** Given data **
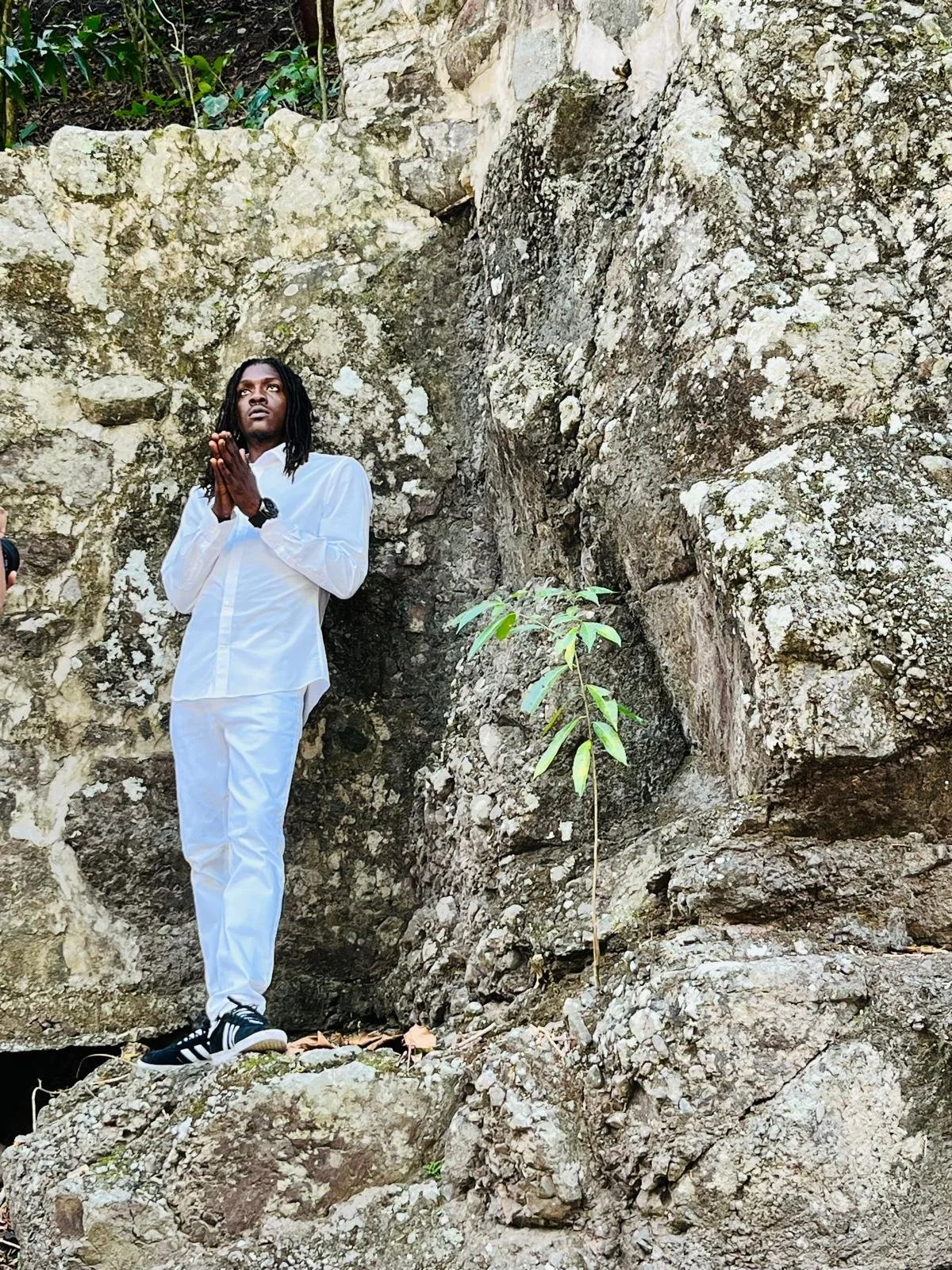 A man dressed in white pants and a white shirt standing on large rocks in a natural setting with a rocky cliff and greenery in the background, holding his hands together in a prayer-like gesture.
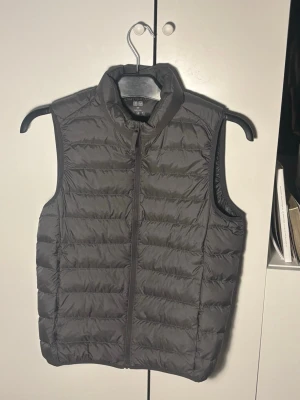 Grå dunväst från Uniqlo - Snygg grå dunväst från Uniqlo med quiltad design och hög krage. Västen har dragkedja framtill och är lätt vadderad, perfekt för lager-på-lager. Enkel och stilren look som funkar till det mesta.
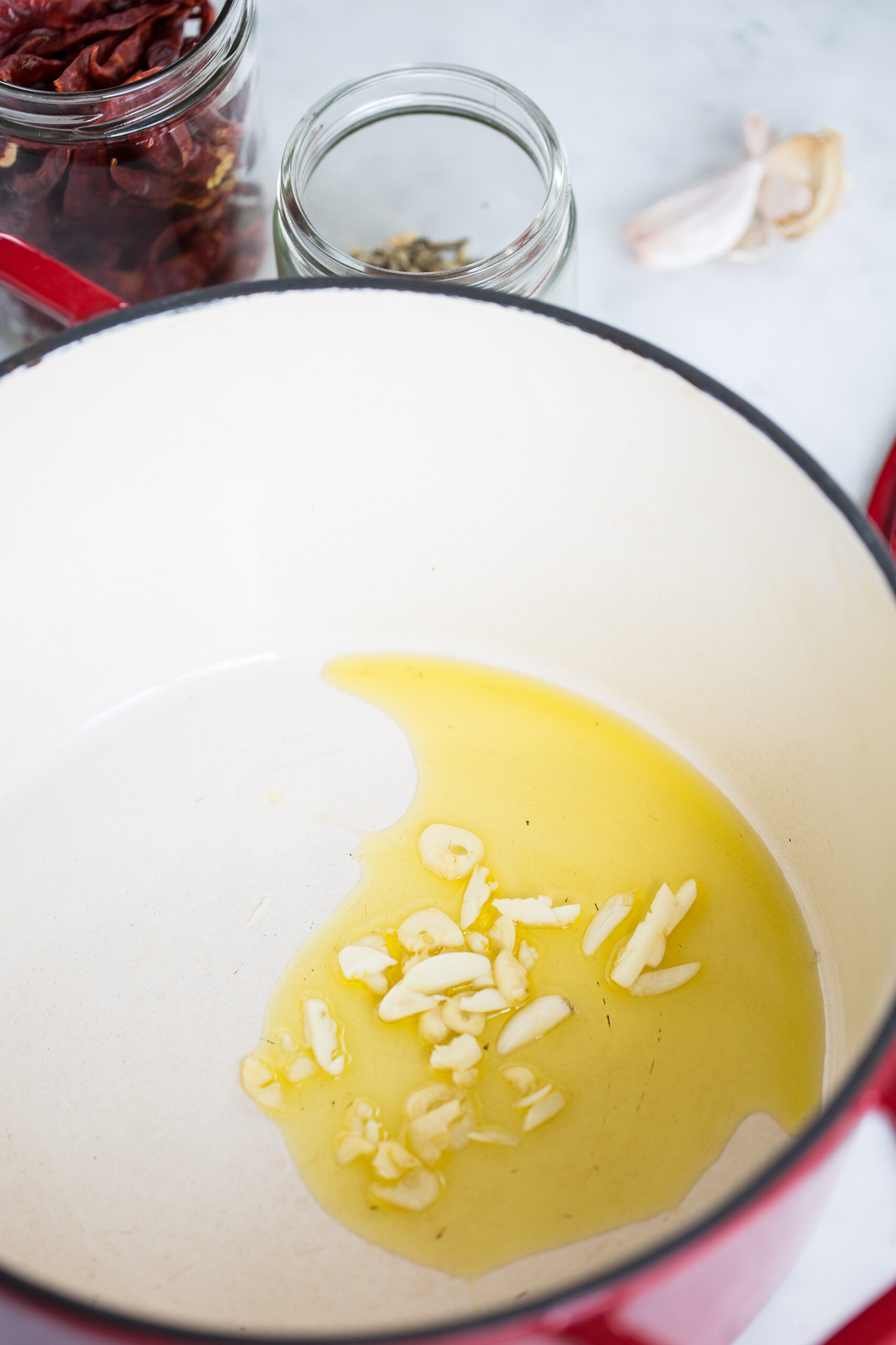 A white enameled pot with sliced garlic saut&eacute;ing in olive oil hints at the start of a one-pot pasta. Nearby, jars of dried red chilies and spices evoke the flavors of a classic puttanesca vegan dinner in the making.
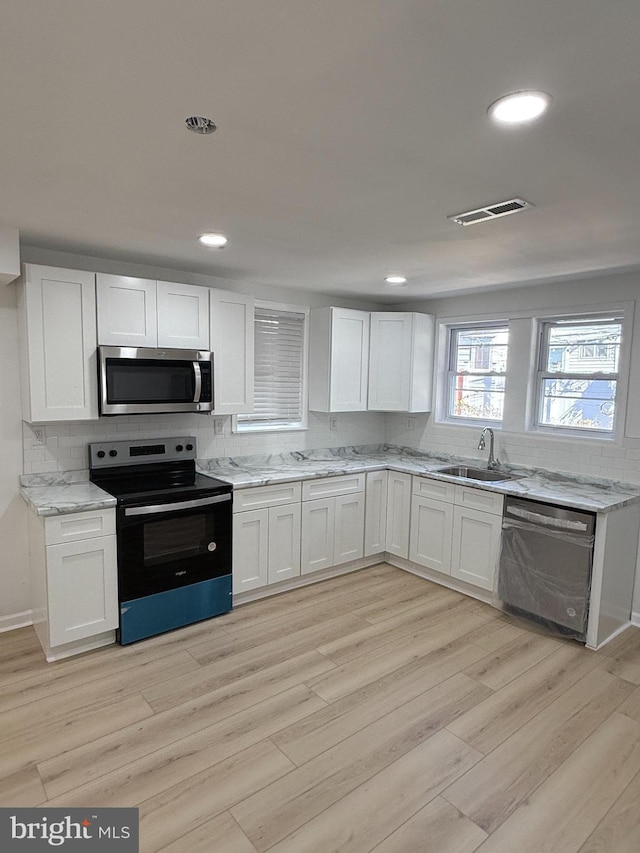 kitchen with white cabinets, sink, appliances with stainless steel finishes, and light hardwood / wood-style flooring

** Exercise goal **
Say again, word for word, every line from the one with "A white enameled" through the last line of the data above, minus the pictures.

** Finished task **
 A white enameled pot with sliced garlic saut&eacute;ing in olive oil hints at the start of a one-pot pasta. Nearby, jars of dried red chilies and spices evoke the flavors of a classic puttanesca vegan dinner in the making.
 kitchen with white cabinets, sink, appliances with stainless steel finishes, and light hardwood / wood-style flooring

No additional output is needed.